Kelly, who was born premature and experienced many childhood illnesses, believes that could have caused a weaker kidney.

“I was in law school and I came home for Christmas break and I was really tired,” she recalled. “I had an appointment already scheduled. Two days before New Year’s I was actually in the shower on the way out to have lunch with one of my friends. My mom came in and said, ‘The doctor is on the phone for you.’ I said, ‘Tell him I’ll call him back.’ She said, ‘No get out of the shower, you need to talk to him.’ They said sorry to inform you, you are in kidney failure and please come to the hospital. We expect you in the next two hours.”

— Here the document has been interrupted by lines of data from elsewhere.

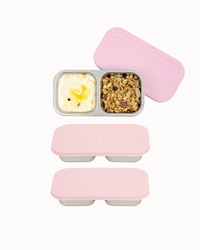 MontiiCo Multiway Duo Snack Box Set - Blush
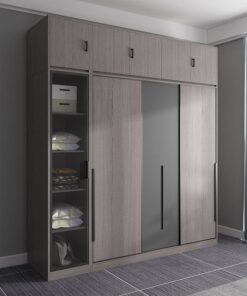 Tủ quần áo cánh lùa hiện đại, sang trọng - WA29648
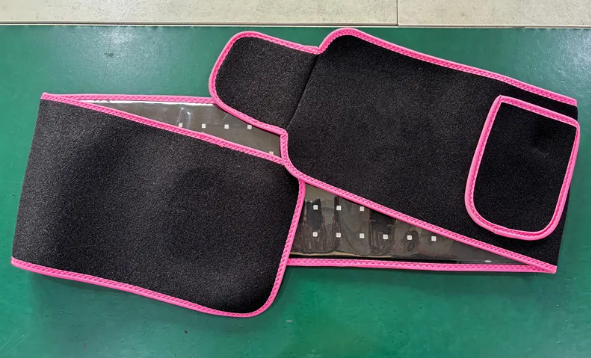 LED Infrared Belt Therapy Device – Targeted Pain Relief & Muscle Recovery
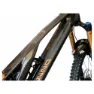All Mountain Style E-bike Rahmenschutz, Clear / silver, One Size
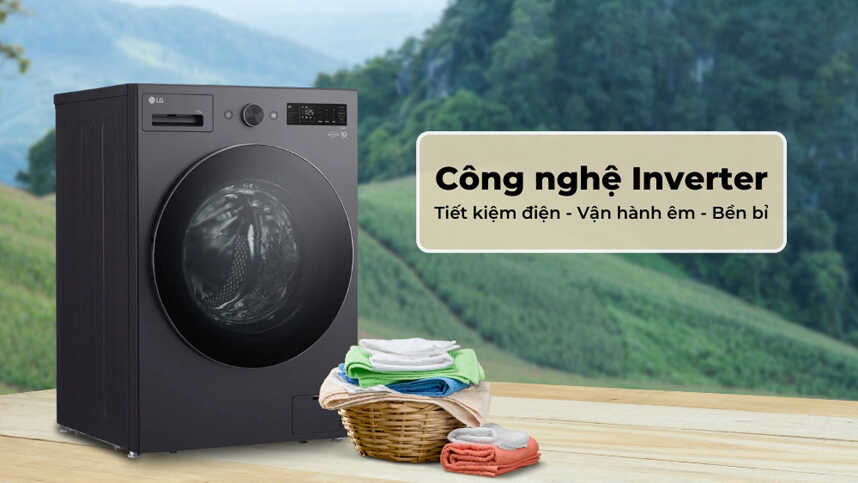  7 Lý do máy giặt sấy samsung inverter F2517RNTG nên sử dụng 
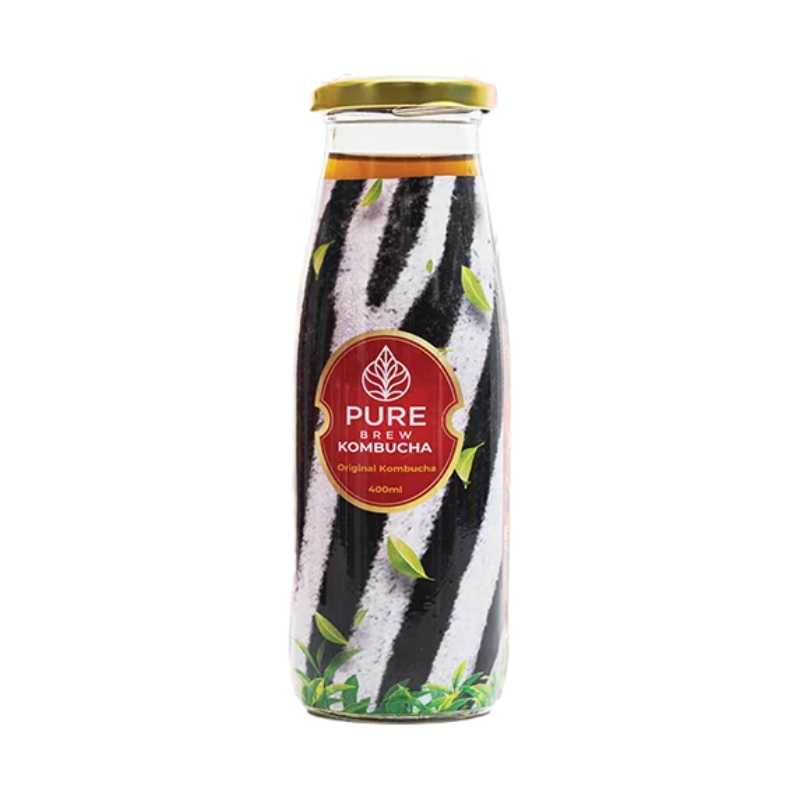 Pure Brew Kombucha Original 400Ml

Kelly said had she not scheduled that appointment and headed back to school, she probably would have ended up in the hospital within four days with congestive heart failure.

In December 2011, Kelly lost the kidney due to it fighting her body and allowing blood and proteins to pass through.

“It was much harder to match me for the second kidney because of all my heath issues,” Kelly said about having surgery to remove a fibroid tumor in her uterus that was causing hemorrhaging, resulting in seven blood transfusions.

Exactly one year after she was placed on the transplant list she received the call – a match was found.

Five months after stopping dialysis and having the second transplant surgery, Kelly now feels fabulous and less winded.

“Waiting for the transplant was harder than the transplant,” Kelly said. “I’m just so lucky, especially to have that second one. The second transplant was hard. It was really hard to hear that I had to go back on dialysis because you got a taste of freedom. The first kidney mentally was harder because the first kidney I got sick and it was shocking. We didn’t know anything about it and we just jumped in and did what we had to do and didn’t have any time to respond, or think.”

Since receiving her second transplant on April 3 of this year, Kelly has continued her volunteer work while spreading the message of organ donations. As a member of the Junior League, she is helping put together Taste of the Town, which is scheduled for Nov. 1. A Donate Life booth will be set up, Kelly said to help them reach the goal of registering 50 individuals for organ donations.

More than 122,000 patients are listed on the national organ transplant waiting list, which includes nearly 6,000 listed at Florida based transplant centers. While waiting for an organ donation, approximately 22 patients die each day nationwide.

Such organs as the heart, lungs, kidneys, pancreas and small intestines can be recovered for a transplant. Tissues – corneas, bone, skin, tendons and ligaments – can also be recovered.

Just one organ donor can save eight lives and enhance as many as 60 others through tissue donation.

The Tampa LifeLink Transplantation Immunology Laboratory has facilitated 10,000 organ transplants. Through clinical and scientific tests related to ABO blood group, infectious disease testing, tissue typing, transplant antibody detection, identifications, cross matching and research, the lab connects deceased and living donors with potential transplant recipients. Gulf Coast Medical Center is among the Florida transplant centers the laboratory serves.

Each year more than 1,000 patients and live donors are tested, as well as approximately 300 deceased organ donors. Within the 13 transplant programs served by the LifeLink Transplantation Immunology Laboratory, more than one organ transplant a day is made.

Individuals can register to be an organ donor by visiting www.DonateLifeFlorida.org.